§ **Extracted data entries**:
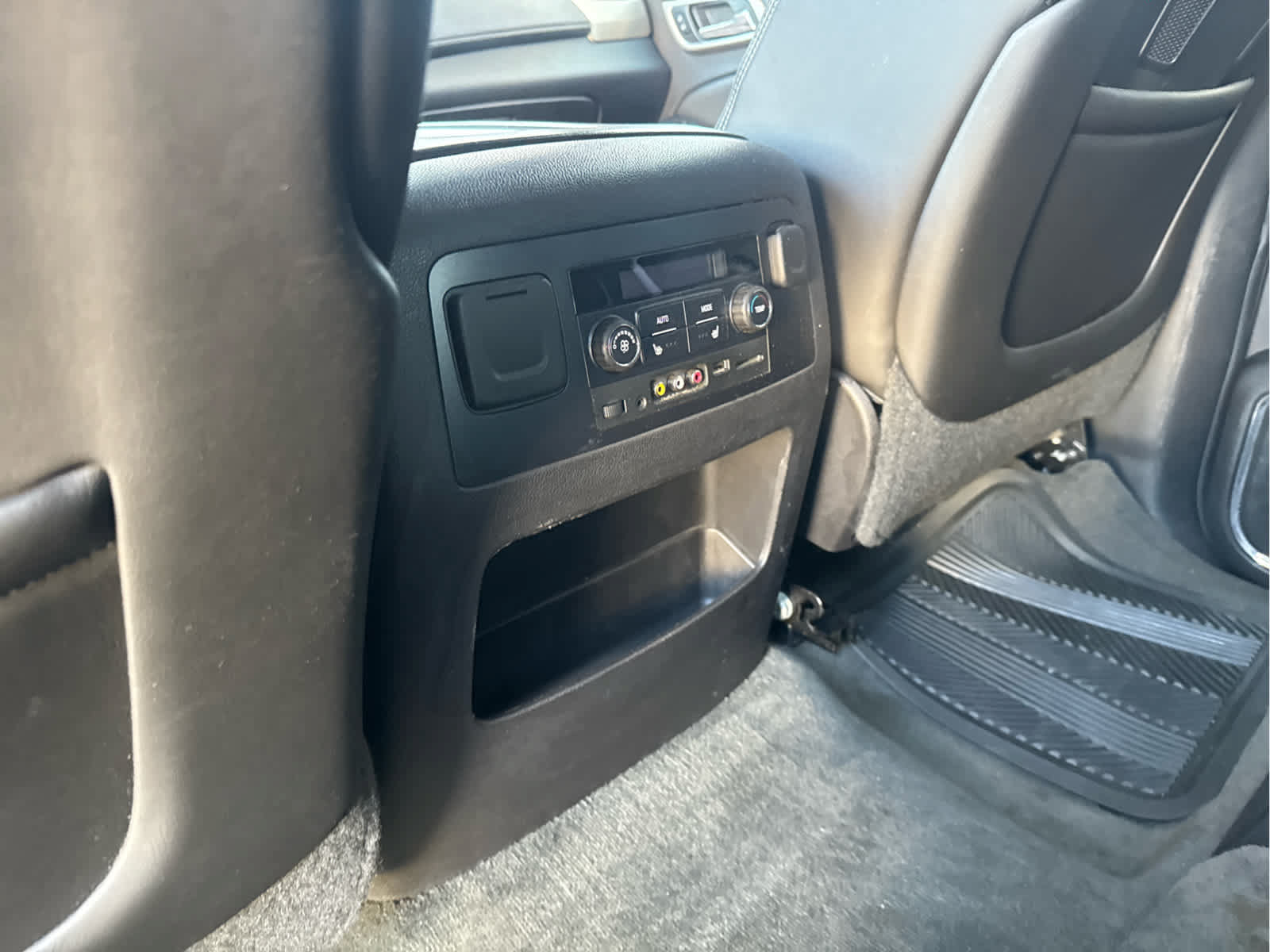 Used 2015 GMC Yukon Denali w/ Touring Package AWD/4WD image 32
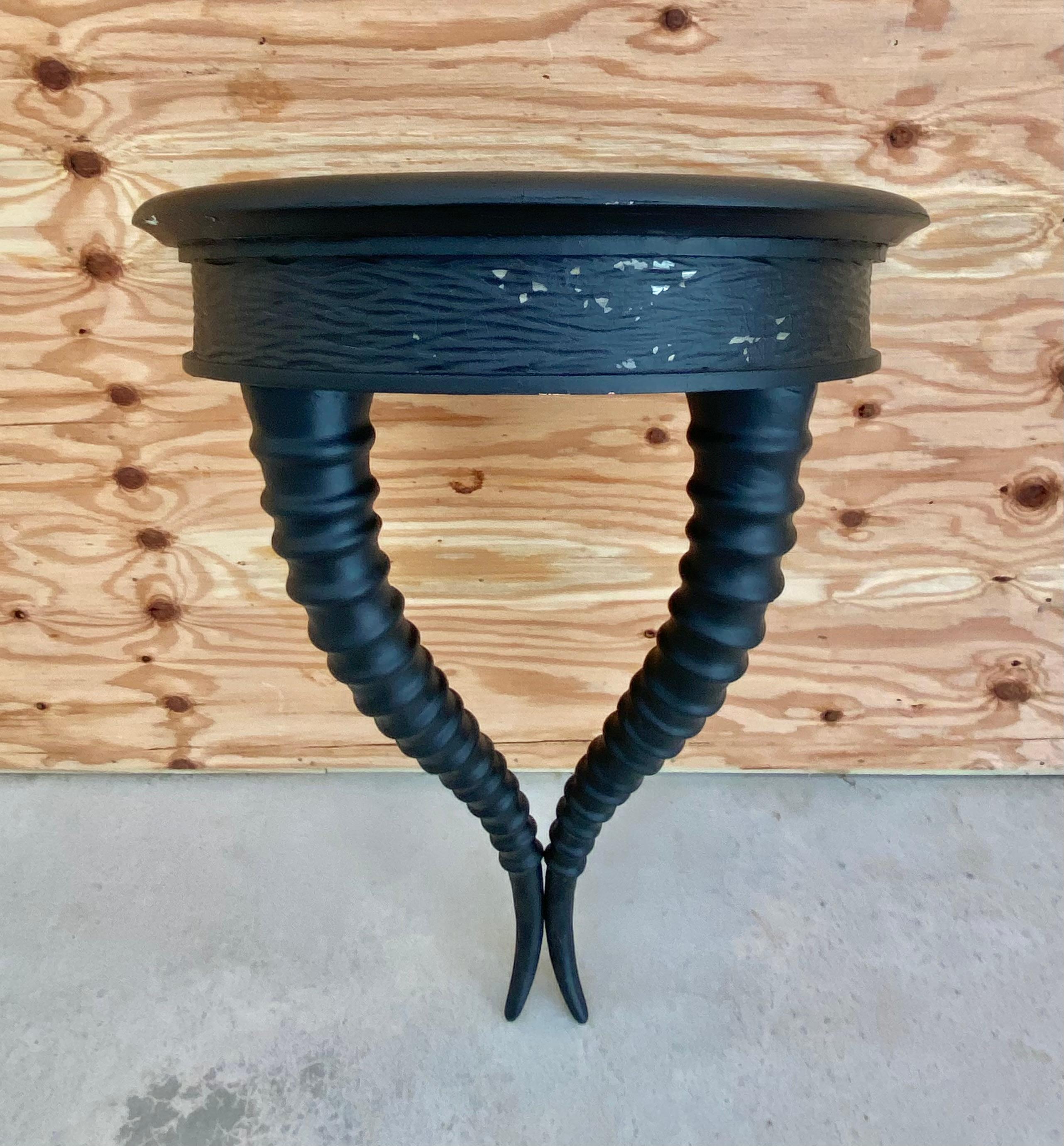Hollywood Regency Faux Horn Wall-Mounted Console Table en vente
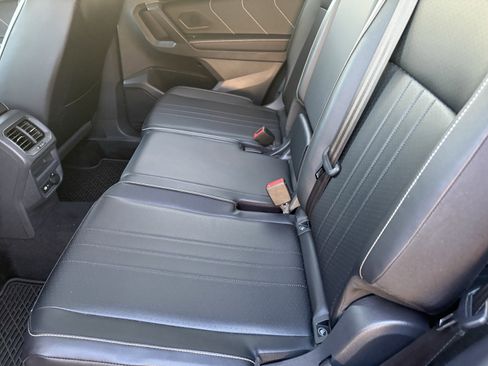 Used 2022 Volkswagen Tiguan SE w/ Panoramic Sunroof Package image 8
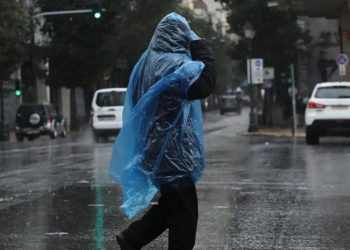 Καιρός: «Τρία βαρομετρικά χαμηλά μέχρι την Κυριακή» – Πώς θα κάνουμε Τσικνοπέμπτη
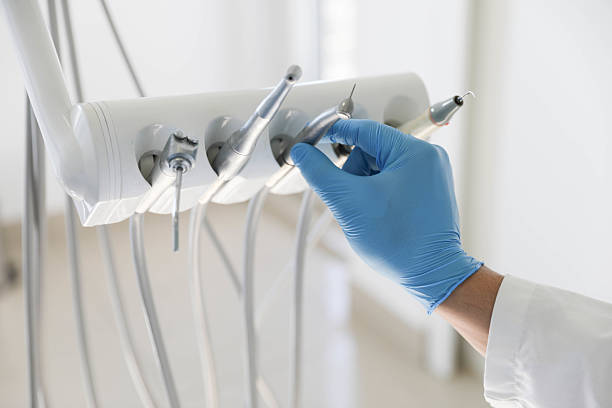 Professional Emergency Dentist technician working in Springfield, VA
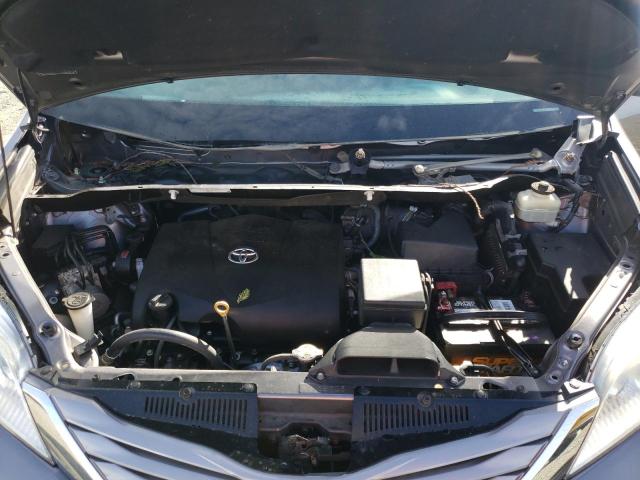2017 TOYOTA SIENNA XLE - 5TDYZ3DC0HS770674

§ **TASK REQUIREMENTS**: What is needed is a word-for-word copy of the lines from the one containing "Hollywood Regency Faux" through the final line of the records above, both included, with the pictures left out.

§ **SOLUTION**:
Hollywood Regency Faux Horn Wall-Mounted Console Table en vente
 Used 2022 Volkswagen Tiguan SE w/ Panoramic Sunroof Package image 8
 Καιρός: «Τρία βαρομετρικά χαμηλά μέχρι την Κυριακή» – Πώς θα κάνουμε Τσικνοπέμπτη
 Professional Emergency Dentist technician working in Springfield, VA
2017 TOYOTA SIENNA XLE - 5TDYZ3DC0HS770674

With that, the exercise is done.